New Jersey attorney general Matthew Platkin assumed control over the scandal-plagued Paterson police force on Monday.
Platkin made the announcement at the Frank X. Graves Public Safety Complex to applause and cheers of “Thank you” on Monday afternoon.
“Due to a number of events and concerns relating to the Paterson Police Department, there is a crisis of confidence in law enforcement in the City of Paterson,” Platkin said during a news conference in front of the police headquarters on Monday afternoon. “People throughout Paterson deserve a public safety system that protects and serves all members of its community, just as the members of the Paterson Police Department deserve adequate resources, support, and innovation from their leadership.”
Platkin said police chief Englebert Ribeiro has been relieved of his duty. He remains with the department. He appointed a team led by Frederick Fife, a major at the New Jersey State Police, to handle operations at the police force. The state-appointed team also includes Jafca Mandziuk of the state police and assistant attorney general Joseph Walsh. They took assumed control of the department this morning.
Fife will serve as the officer in charge at the department.

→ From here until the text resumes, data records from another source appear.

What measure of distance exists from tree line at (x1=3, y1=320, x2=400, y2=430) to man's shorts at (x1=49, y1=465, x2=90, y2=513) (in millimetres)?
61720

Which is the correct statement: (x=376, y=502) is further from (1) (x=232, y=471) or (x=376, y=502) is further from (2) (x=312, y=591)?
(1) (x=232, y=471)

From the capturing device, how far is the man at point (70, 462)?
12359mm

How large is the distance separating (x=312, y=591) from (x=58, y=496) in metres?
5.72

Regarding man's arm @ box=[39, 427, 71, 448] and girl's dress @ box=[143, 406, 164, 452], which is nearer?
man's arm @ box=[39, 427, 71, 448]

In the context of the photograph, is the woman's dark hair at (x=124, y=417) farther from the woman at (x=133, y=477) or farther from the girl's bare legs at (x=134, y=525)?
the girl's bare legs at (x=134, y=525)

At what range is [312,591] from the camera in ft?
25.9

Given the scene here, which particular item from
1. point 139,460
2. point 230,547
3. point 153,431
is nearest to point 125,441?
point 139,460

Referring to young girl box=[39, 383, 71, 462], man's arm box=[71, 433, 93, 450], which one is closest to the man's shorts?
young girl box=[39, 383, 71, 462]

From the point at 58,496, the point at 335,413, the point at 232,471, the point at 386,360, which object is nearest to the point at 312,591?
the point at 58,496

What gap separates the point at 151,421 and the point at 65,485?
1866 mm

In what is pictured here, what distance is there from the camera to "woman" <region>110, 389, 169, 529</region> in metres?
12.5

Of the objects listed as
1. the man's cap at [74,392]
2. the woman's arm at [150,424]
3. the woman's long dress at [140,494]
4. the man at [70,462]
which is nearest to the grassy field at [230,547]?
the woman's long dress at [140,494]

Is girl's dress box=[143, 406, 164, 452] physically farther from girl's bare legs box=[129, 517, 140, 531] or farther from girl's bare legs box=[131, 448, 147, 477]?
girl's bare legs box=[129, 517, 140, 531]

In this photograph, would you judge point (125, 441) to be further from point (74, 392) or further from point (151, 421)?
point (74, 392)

Mayor Andre Sayegh had appointed Ribeiro as chief last month.
“When I spoke to the Attorney General, he assured me his office, the State Police, the Governor and Legislature will provide financial and additional resources to our Department. I previously welcomed the Attorney General’s Office through the County Prosecutor over a year ago to assist with our Internal Affairs process,” Sayegh said. “Given that resources were promised by the Attorney General, we look forward to working with the Attorney General’s Office once again. Moreover, we are eager to review the Attorney General’s plan and timeline, as well as to share and build upon the reforms that we have already implemented. We will do everything we can to continue to improve our Police Department for the residents of Paterson.”
The takeover comes after the fatal police shooting of 31-year-old Najee Seabrooks, who worked for an anti-violence organization, intensified calls for outside intervention
Seabrooks was hallucinating and barricaded himself in the bathroom of an apartment. He called 911 and sought police assistance because he thought there were people out to kill him. After a lengthy standoff with police, Seabrooks charged at the officers with a knife. He was shot and killed at the scene.

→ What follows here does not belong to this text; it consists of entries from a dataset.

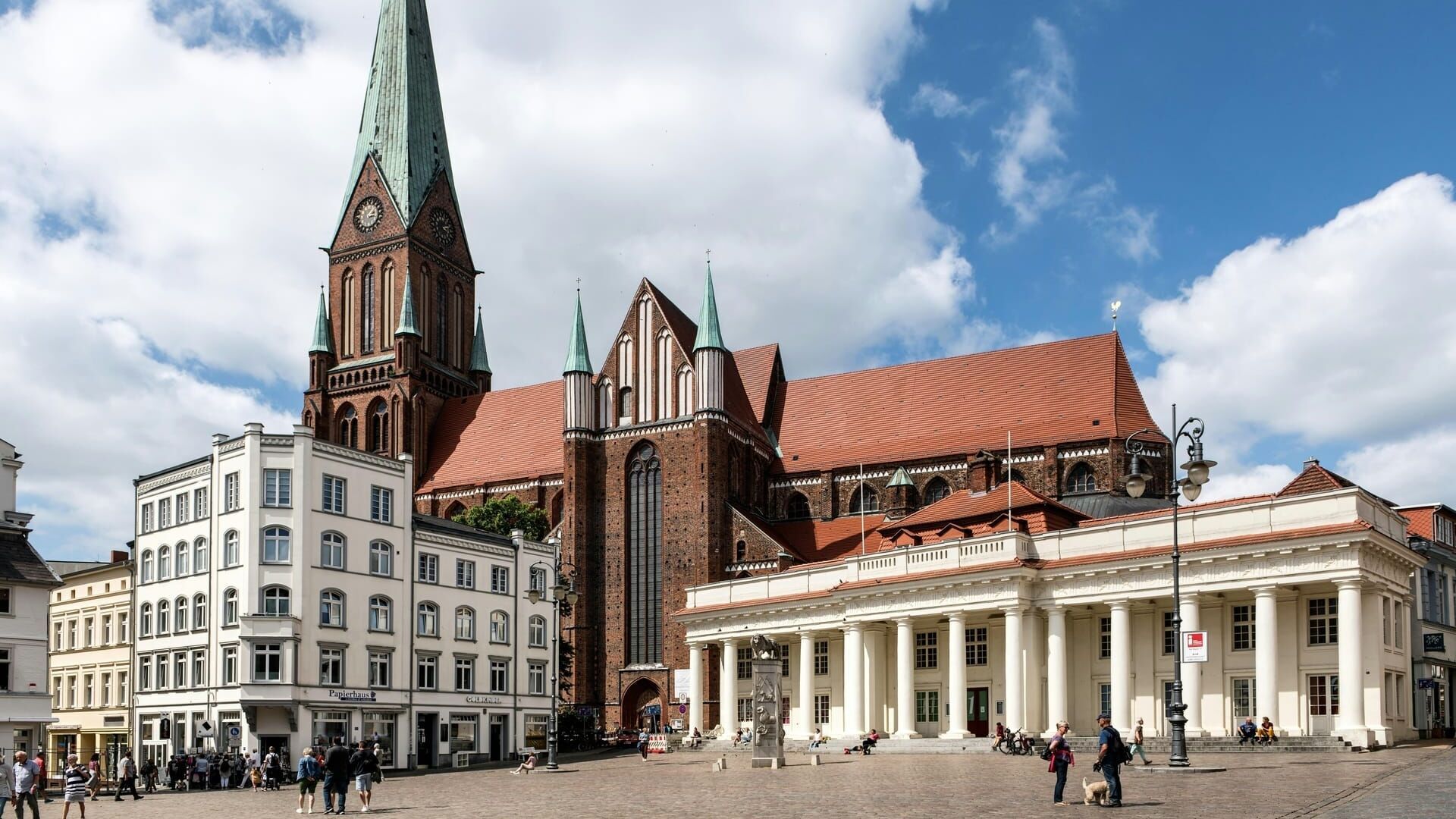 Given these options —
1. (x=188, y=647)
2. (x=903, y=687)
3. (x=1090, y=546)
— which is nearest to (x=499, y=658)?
(x=188, y=647)

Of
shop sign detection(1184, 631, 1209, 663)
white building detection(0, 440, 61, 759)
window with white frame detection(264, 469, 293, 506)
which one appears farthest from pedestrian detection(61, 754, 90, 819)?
shop sign detection(1184, 631, 1209, 663)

His death sparked protests and calls for police reforms.
Platkin said beginning in May Isa Abbassi, a twenty-five-year veteran of the New York City Police Department (NYPD) and its current Chief of Strategic Initiatives, will take over as the officer-in-charge of the Paterson police department.
“Chief Abbassi is an experienced, proven leader who has built community trust and achieved excellence through his innovation at the highest levels of law enforcement in this country. I am grateful for his service and I look forward to working with him to ensure public safety in Paterson. I am committed to restoring public confidence in the Paterson Police Department, which includes providing the officers on the force the support, resources, supervision, and training they need to be an exemplary police department,” said Platkin.
Also, the attorney general announced he intends to engage experts to revise the statewide Use of Force Policy to include protocols for barricaded individuals. His team in Paterson will also implement ARRIVE (Alternative Responses to Reduce Instances of Violence & Escalation), a program that is in place in Cumberland, Union, and Atlantic counties, that will pair an officer, trained in crisis intervention, with a mental health screener in an unmarked vehicle to respond to 911 calls for mental or behavioral health crises calls.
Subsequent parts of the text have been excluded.